Rustom Mody rustompmody at gmail.com
Fri Jun 6 13:04:39 EDT 2014


On Friday, June 6, 2014 10:18:41 PM UTC+5:30, Chris Angelico wrote:
> On Sat, Jun 7, 2014 at 2:21 AM, Rustom Mody  wrote:
> > Combine that with Chris':
> >> Yes and no. "ASCII" means two things: Firstly, it's a mapping from the
> >> letter A to the number 65, from the exclamation mark to 33, from the
> >> backslash to 92, and so on. And secondly, it's an encoding of those
> >> numbers into the lowest seven bits of a byte, with the high byte left
> >> clear. Between those two, you get a means of representing the letter
> >> 'A' as the byte 0x41, and one of them is an encoding.
> > and the situation appears quite the opposite of Ethan's description:
> > In the 'old world' ASCII was both mapping and encoding and so there was
> > never a justification to distinguish encoding from codepoint.
> > It is unicode that demands these distinctions.
> > If we could magically go to a world where the number of bits in a byte was 32
> > all this headache would go away. [Actually just 21 is enough!]

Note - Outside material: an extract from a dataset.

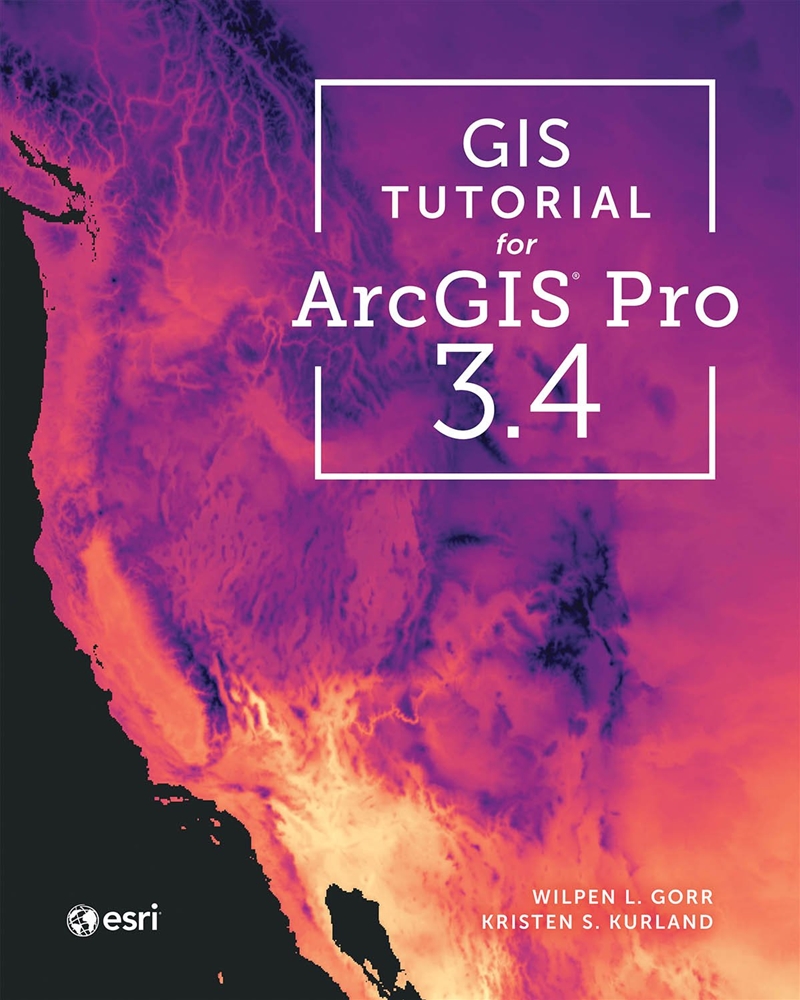 Gis Tutorial For Arcgis Pro 3.4/Product Detail/Education & Textbooks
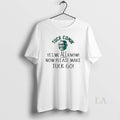 Original Yes We All Know Now Please Make Tuck Go - Adult & Kids T-Shirts, Sweatshirts & Hoodies apparel design preview 1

> An ASCII mentality lets you be sloppy. That doesn't mean the
> distinction doesn't exist. When I first started programming in C, int
> was *always* 16 bits long and *always* little-endian (because I used
> only one compiler). I could pretend that those bits in memory actually
> were that integer, that there were no other ways that integer could be
> encoded. That doesn't mean that encodings weren't important. And as
> soon as I started working on a 32-bit OS/2 system, and my ints became
> bigger, I had to concern myself with that. Even more so when I got
> into networking, and byte order became important to me. And of course,
> these days I work with integers that are encoded in all sorts of
> different ways (a Python integer isn't just a puddle of bytes in
> memory), and I generally let someone else take care of the details,
> but the encodings are still there.

> ASCII was once your one companion, it was all that mattered. ASCII was
> once a friendly encoding, then your world was shattered. Wishing it
> were somehow here again, wishing it were somehow near... sometimes it
> seemed, if you just dreamed, somehow it would be here! Wishing you
> could use just bytes again, knowing that you never would... dreaming
> of it won't help you to do all that you dream you could!

> It's time to stop chasing the phantom and start living in the Raoul
> world... err, the real world. :)

I thought that "If only bytes were 21+ bits wide" would sound sufficiently 
nonsensical, that I did not need to explicitly qualify it as a utopian dream!